His emergence set me thinking, where is the next William Twelvetrees? The Championship has some mighty fine players and coaches and it can only be that most directors of rugby in the GP are either too blind, too busy or too arrogant to not think of looking.
So for those of them that care, here’s a few suggestions.
Any club looking for a ball carrying second row could do a lot worse than get down to Billesley Common to see Aly Muldowney.
Not to damn the 26-year-old with faint praise there are worse locks at every club in the Premiership.
That said there aren’t many better in the Championship and paired with the right second row partner Muldowney’s ball-carrying and off-loading could be a breath of fresh air up there. His hands are of the highest quality.
His conditioning and work off the ball are not those of a full-timer but judging by the progress he’s made this summer and in the six games so far this term he is making rapid strides.
In a full-time set up the former Stourbridge forward could be an absolute revelation.

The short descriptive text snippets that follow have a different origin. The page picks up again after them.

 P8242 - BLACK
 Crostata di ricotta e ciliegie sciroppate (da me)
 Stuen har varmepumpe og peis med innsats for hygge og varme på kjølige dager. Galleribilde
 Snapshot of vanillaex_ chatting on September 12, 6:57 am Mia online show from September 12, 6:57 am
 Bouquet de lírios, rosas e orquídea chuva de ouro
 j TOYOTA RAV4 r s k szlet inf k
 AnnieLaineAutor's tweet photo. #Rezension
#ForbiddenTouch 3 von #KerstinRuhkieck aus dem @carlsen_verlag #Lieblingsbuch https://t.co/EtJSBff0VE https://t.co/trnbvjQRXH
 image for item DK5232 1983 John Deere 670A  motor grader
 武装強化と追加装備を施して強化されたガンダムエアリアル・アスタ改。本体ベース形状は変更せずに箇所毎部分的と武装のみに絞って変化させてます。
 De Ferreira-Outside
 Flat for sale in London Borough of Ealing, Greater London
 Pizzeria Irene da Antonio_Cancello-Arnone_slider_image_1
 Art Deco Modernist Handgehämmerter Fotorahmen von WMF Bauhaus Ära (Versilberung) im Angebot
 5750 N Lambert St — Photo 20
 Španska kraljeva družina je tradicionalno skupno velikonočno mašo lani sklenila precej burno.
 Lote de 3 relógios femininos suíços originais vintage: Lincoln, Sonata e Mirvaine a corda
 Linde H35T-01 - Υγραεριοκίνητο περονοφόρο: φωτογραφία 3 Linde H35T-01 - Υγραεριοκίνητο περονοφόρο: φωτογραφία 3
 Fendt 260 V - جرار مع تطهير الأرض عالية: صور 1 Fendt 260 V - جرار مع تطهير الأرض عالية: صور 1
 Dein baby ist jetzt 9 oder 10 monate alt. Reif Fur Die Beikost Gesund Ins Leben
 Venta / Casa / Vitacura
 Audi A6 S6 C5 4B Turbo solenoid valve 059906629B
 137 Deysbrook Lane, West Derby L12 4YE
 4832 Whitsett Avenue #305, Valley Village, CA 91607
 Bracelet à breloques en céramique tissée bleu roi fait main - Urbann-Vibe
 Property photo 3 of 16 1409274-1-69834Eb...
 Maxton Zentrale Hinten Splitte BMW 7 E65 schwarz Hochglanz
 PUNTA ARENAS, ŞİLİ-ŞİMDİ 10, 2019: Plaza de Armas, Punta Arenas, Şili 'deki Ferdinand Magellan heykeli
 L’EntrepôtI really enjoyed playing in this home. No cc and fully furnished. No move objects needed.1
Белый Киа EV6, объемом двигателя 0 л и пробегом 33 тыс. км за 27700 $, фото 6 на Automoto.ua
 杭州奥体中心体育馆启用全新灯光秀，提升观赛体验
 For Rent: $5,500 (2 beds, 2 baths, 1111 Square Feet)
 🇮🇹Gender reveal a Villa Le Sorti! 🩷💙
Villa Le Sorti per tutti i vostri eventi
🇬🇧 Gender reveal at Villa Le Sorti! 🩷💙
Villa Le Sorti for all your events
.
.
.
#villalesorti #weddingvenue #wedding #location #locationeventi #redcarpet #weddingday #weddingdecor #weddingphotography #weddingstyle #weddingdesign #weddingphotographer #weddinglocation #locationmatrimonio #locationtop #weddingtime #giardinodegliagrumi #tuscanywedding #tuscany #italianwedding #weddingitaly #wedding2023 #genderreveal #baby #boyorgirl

Bees’ Chris Brightwell is another. The New Zealander might not be the best interview on the green earth but to compensate he is an outstanding blindside flanker.
I understand he is having a trial at Gloucester this week and would be surprised if he doesn’t elicit some form of interest, even if it is not in the form of an instant contract.
Perhaps Kingsholm might not be the best place for the speedy back row, though. I’d like to see him in the Bath or London Irish set up where his pace and ball-skills would be a better fit for a more free-flowing style of rugby.
Brightwell was a sensation in National Two and has shown flashes of his ability in difficult circumstances this term and while I wish no further player losses on Russell Earnshaw he should consider every day he has Brightwell in his team a bonus.
Speaking of Earnshaw, the player-coach presided over one of the most exciting and audacious campaigns in a generation of Midlands rugby last term.
He is hard pressed to re-create it this year but even now Bees show flashes of brilliance that will trouble everyone in the division as they attack from their own sticks and cut massed defences to ribbons.
His commitment and emotional investment into what some perceive to be a basket case has been commendable and I’d love to see him in charge of a club with a proper budget, hopefully the new Birmingham & Solihull.
My fear is that he’ll be lost to the Sevens arena for good if things don’t work out at Sharmans Cross Road and that we’ll never find out what sort of side he could build with £1 million.
I just hope I get the chance to tell you I told you so and trust that you’ll be suitably deferent when it comes.